╭─ Data for this exercise

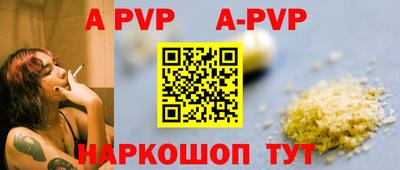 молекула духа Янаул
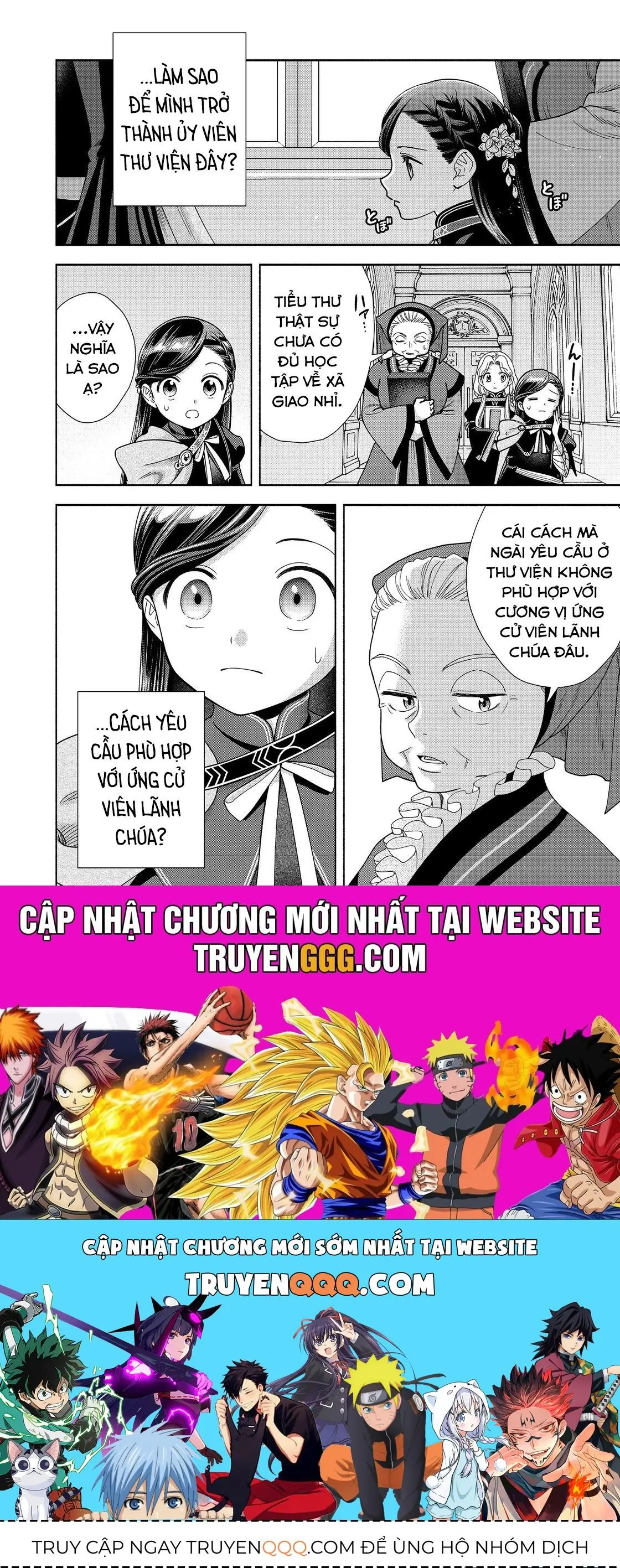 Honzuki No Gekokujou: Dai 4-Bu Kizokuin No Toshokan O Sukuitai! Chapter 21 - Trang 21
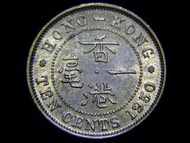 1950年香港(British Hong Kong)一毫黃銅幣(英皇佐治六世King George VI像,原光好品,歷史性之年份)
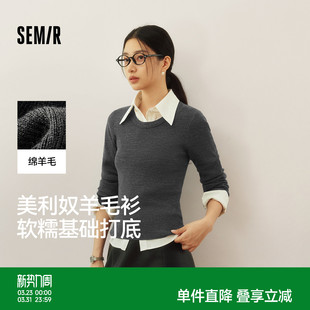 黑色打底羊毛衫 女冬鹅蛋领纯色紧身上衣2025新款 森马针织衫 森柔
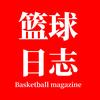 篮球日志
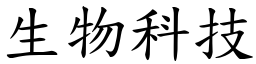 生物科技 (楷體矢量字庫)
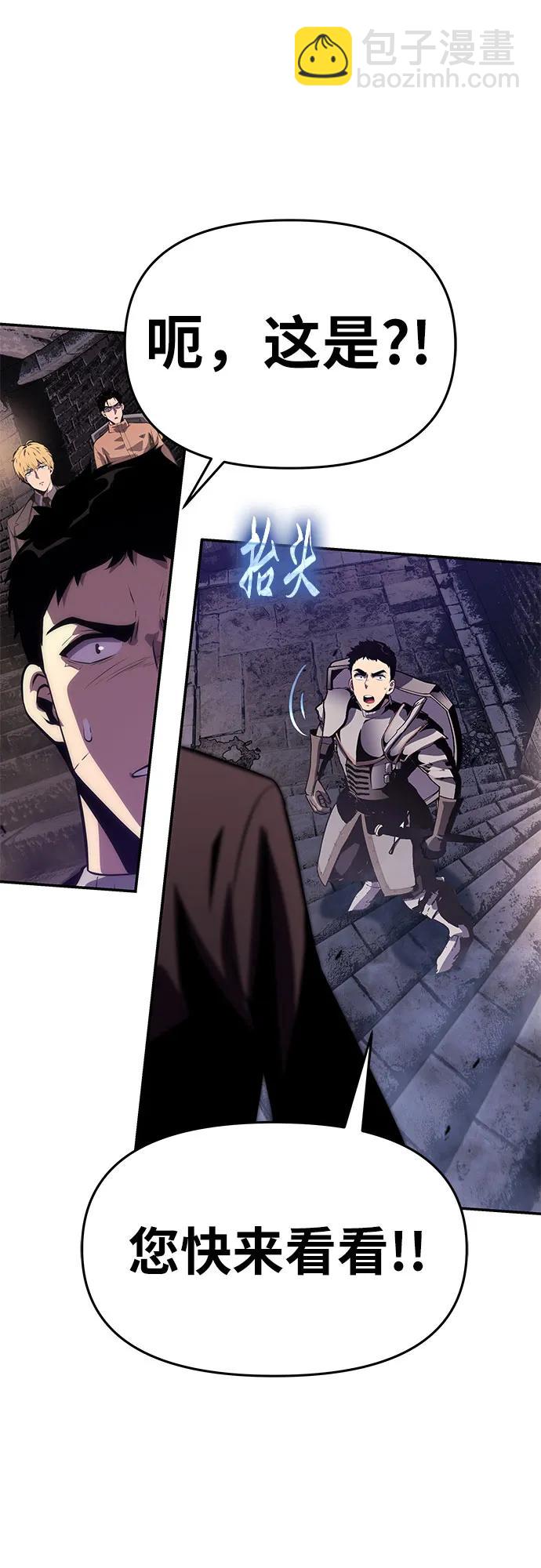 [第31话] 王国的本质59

╰─

Aim of the exercise
I'd like every record printed exactly, with the pictures left out.

Response
 молекула духа Янаул
 Honzuki No Gekokujou: Dai 4-Bu Kizokuin No Toshokan O Sukuitai! Chapter 21 - Trang 21
 1950年香港(British Hong Kong)一毫黃銅幣(英皇佐治六世King George VI像,原光好品,歷史性之年份)
 黑色打底羊毛衫 女冬鹅蛋领纯色紧身上衣2025新款 森马针织衫 森柔
 篮球日志
 生物科技 (楷體矢量字庫)
 [第31话] 王国的本质59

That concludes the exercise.